Looking at the graph, it seems clear that disabling console-setup.service won't actually speed anything up anyway. As you can see networking.service is waiting until disableusb.service completes, so a 1.6 second load time for console-setup.service run in parallel won't affect the overall boot time at all.

There's an idea in scheduling of a critical path which, when any activity in this path is delayed, causes delays to the entire project. The other activities have 'float', i.e. they are not critical, and can be delayed without affecting the final finish time.

It is this critical path which you must save time on, not the non-critical activities. systemd-analyze critical-chain will help you identify the critical activities, although you can pretty much spot them on the plot. Any marginal gain in disableusb.service would help your boot time significantly.

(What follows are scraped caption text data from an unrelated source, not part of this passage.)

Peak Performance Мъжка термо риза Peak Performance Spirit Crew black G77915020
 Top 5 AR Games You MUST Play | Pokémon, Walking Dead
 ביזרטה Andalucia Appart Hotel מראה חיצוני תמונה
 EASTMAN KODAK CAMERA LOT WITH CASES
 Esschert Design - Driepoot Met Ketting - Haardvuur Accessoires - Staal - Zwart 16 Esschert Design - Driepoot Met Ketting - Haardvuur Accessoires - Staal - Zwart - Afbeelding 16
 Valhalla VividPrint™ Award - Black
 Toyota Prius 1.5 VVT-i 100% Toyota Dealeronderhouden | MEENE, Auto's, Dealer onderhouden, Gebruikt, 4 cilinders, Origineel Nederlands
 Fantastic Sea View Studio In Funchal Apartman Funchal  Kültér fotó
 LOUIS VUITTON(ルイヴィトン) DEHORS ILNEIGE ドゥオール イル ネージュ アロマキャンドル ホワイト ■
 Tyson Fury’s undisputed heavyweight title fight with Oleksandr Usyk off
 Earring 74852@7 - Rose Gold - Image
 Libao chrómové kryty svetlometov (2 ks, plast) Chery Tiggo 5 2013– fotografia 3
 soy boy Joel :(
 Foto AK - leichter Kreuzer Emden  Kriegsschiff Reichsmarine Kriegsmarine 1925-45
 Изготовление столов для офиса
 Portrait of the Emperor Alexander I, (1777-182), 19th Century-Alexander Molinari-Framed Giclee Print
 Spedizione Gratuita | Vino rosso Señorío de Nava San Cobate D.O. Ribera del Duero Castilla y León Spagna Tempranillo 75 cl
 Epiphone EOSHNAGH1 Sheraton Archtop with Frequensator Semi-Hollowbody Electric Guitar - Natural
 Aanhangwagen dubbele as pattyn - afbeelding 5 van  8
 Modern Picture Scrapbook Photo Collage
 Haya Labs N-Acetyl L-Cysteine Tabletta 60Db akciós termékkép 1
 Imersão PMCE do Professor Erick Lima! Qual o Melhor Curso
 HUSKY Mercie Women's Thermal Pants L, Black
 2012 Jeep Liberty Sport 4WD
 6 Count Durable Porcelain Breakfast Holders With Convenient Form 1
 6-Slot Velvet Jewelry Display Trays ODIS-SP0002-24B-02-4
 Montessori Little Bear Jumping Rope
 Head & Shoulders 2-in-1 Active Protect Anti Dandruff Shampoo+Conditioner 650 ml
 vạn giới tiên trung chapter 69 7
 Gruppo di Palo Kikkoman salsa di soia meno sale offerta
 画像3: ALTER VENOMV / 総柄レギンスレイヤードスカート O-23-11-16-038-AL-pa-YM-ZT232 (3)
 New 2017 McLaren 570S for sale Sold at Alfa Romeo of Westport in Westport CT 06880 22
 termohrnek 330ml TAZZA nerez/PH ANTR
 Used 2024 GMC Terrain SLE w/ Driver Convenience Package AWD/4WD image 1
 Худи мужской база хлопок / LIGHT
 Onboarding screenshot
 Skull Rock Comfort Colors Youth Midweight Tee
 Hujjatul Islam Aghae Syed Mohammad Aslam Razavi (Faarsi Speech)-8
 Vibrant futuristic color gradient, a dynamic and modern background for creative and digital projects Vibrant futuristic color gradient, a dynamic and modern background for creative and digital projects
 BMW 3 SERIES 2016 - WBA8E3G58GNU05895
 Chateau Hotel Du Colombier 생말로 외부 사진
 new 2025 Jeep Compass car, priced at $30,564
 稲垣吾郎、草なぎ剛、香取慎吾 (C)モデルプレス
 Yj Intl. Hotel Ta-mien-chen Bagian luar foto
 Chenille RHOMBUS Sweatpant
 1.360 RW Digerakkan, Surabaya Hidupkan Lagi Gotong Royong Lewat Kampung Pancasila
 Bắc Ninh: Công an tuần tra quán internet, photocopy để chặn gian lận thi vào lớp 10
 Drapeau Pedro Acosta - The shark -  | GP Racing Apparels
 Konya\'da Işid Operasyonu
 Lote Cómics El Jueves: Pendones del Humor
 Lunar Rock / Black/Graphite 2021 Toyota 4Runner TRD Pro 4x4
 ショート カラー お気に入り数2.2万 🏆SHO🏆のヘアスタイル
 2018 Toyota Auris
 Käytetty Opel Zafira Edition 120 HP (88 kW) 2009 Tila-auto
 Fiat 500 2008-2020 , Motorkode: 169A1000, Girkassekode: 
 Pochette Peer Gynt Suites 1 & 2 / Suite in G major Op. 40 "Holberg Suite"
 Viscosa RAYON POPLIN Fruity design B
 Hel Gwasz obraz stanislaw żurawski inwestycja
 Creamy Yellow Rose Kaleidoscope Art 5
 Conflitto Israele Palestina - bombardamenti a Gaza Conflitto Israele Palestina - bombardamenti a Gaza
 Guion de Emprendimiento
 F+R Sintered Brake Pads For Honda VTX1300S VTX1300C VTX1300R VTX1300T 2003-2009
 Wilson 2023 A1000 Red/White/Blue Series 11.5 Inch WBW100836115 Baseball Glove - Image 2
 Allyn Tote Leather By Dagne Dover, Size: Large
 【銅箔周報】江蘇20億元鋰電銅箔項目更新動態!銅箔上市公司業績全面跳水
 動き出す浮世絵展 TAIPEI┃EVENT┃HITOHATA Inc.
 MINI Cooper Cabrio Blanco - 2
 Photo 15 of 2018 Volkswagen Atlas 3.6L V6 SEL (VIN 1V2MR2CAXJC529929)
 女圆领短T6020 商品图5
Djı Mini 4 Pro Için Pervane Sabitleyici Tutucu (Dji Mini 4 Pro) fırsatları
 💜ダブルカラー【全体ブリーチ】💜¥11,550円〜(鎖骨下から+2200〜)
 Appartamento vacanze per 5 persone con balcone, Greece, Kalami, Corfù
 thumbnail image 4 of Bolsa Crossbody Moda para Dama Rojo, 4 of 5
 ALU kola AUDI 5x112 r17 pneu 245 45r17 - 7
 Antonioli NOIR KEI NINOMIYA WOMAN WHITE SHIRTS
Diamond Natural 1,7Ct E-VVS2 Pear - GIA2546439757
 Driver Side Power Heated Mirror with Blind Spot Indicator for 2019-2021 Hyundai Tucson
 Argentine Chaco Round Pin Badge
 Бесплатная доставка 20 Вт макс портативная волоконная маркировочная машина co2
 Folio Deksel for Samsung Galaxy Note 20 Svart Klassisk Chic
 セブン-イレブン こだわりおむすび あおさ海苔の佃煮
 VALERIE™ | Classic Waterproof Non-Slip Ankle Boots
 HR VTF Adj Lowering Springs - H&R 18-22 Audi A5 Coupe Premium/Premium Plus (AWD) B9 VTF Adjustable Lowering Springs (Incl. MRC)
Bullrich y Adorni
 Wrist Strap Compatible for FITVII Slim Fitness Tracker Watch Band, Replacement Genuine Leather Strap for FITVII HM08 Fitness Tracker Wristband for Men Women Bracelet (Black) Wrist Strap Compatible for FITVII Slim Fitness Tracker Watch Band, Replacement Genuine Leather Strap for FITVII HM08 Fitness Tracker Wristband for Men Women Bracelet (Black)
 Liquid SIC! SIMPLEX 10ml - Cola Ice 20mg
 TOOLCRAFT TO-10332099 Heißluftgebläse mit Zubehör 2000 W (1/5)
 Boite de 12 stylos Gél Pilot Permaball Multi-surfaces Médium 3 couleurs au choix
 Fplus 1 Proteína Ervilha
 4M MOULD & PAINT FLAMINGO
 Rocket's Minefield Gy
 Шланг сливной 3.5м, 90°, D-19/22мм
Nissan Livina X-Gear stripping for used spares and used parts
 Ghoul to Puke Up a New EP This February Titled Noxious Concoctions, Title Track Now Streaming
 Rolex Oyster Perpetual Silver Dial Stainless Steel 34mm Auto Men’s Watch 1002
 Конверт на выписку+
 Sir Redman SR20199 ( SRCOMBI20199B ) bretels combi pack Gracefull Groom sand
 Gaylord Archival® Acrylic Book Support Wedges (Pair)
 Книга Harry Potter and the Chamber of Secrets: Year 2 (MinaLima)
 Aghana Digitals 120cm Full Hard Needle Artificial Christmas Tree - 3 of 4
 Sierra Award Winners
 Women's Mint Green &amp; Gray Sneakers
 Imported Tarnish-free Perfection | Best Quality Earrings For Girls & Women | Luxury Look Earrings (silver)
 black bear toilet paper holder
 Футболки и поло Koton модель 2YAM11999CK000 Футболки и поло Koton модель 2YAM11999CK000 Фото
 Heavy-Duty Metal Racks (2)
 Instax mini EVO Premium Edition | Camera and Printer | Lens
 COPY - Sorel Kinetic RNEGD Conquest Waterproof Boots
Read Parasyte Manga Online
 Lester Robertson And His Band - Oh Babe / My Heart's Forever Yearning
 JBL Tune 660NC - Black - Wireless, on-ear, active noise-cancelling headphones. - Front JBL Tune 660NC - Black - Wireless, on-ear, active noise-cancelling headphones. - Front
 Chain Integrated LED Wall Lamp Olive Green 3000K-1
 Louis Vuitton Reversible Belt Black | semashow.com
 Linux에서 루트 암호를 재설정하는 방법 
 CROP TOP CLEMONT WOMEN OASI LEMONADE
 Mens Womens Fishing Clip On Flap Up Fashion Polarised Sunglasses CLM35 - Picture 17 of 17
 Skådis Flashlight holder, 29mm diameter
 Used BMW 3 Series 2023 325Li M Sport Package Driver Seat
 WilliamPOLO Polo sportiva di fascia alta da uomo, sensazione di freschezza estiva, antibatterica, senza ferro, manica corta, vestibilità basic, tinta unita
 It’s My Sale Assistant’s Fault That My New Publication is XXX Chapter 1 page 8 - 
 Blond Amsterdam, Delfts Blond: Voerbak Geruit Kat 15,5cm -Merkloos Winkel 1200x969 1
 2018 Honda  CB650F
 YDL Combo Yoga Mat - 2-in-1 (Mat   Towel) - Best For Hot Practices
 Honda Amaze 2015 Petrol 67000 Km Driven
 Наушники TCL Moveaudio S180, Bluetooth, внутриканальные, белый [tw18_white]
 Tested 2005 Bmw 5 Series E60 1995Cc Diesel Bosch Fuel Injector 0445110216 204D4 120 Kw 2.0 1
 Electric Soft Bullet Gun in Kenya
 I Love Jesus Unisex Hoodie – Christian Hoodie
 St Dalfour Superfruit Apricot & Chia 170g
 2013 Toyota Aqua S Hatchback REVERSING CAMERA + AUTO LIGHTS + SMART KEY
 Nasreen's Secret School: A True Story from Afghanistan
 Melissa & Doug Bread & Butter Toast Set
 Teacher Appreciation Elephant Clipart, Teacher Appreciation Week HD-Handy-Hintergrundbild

It might also help to understand why your services take so long. For this, Bootchart2 might be useful. It can be installed with:

apt-get install systemd-bootchart

To actually enable it, edit /boot/cmdline.txt and set:


After booting is complete, you'll find the chart saved in /run/log as an SVG file. Then, revert init=... to its initial setting (or delete it if it wasn't there before).

See also the man page for systemd-bootchart.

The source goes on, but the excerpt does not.